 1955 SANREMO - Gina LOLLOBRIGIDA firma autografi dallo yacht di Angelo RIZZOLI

================================

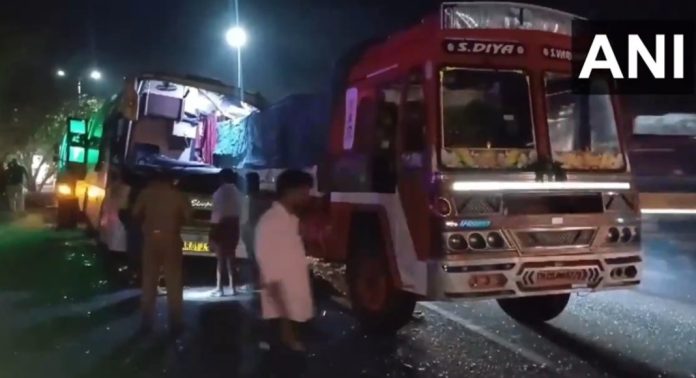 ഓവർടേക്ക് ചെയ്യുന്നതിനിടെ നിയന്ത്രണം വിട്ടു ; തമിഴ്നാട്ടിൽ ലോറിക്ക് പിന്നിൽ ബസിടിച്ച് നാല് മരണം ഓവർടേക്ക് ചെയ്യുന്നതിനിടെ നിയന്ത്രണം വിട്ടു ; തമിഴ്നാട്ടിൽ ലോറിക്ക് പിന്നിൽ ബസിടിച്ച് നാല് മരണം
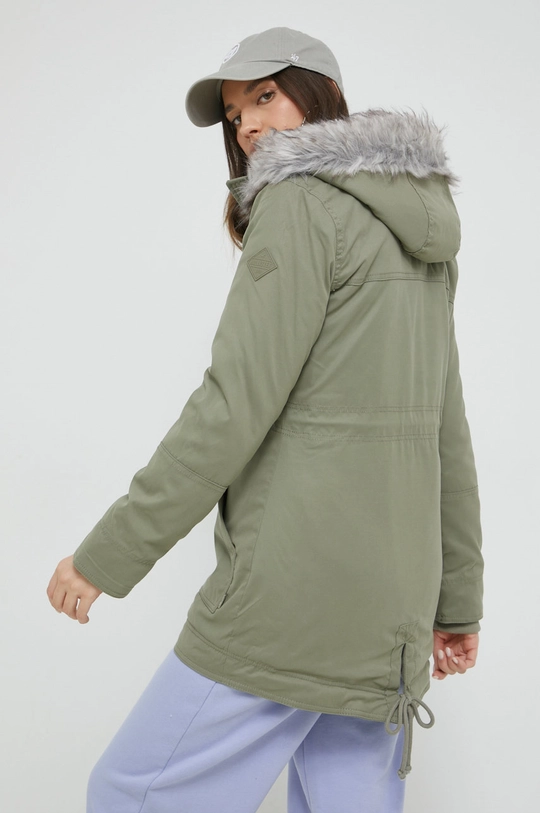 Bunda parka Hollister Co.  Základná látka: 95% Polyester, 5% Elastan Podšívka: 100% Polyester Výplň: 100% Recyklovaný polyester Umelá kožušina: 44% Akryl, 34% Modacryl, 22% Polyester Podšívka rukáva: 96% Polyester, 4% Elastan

================================

- [WHAT IS BEING ASKED]:
Everything from the line above that contains "നാല് മരണം ഓവർടേക്ക്" down to the line that contains "Bunda parka Hollister" must be reproduced exactly, both ends included. Omit the pictures.

- [TASK SOLUTION]:
 ഓവർടേക്ക് ചെയ്യുന്നതിനിടെ നിയന്ത്രണം വിട്ടു ; തമിഴ്നാട്ടിൽ ലോറിക്ക് പിന്നിൽ ബസിടിച്ച് നാല് മരണം ഓവർടേക്ക് ചെയ്യുന്നതിനിടെ നിയന്ത്രണം വിട്ടു ; തമിഴ്നാട്ടിൽ ലോറിക്ക് പിന്നിൽ ബസിടിച്ച് നാല് മരണം
 Bunda parka Hollister Co.  Základná látka: 95% Polyester, 5% Elastan Podšívka: 100% Polyester Výplň: 100% Recyklovaný polyester Umelá kožušina: 44% Akryl, 34% Modacryl, 22% Polyester Podšívka rukáva: 96% Polyester, 4% Elastan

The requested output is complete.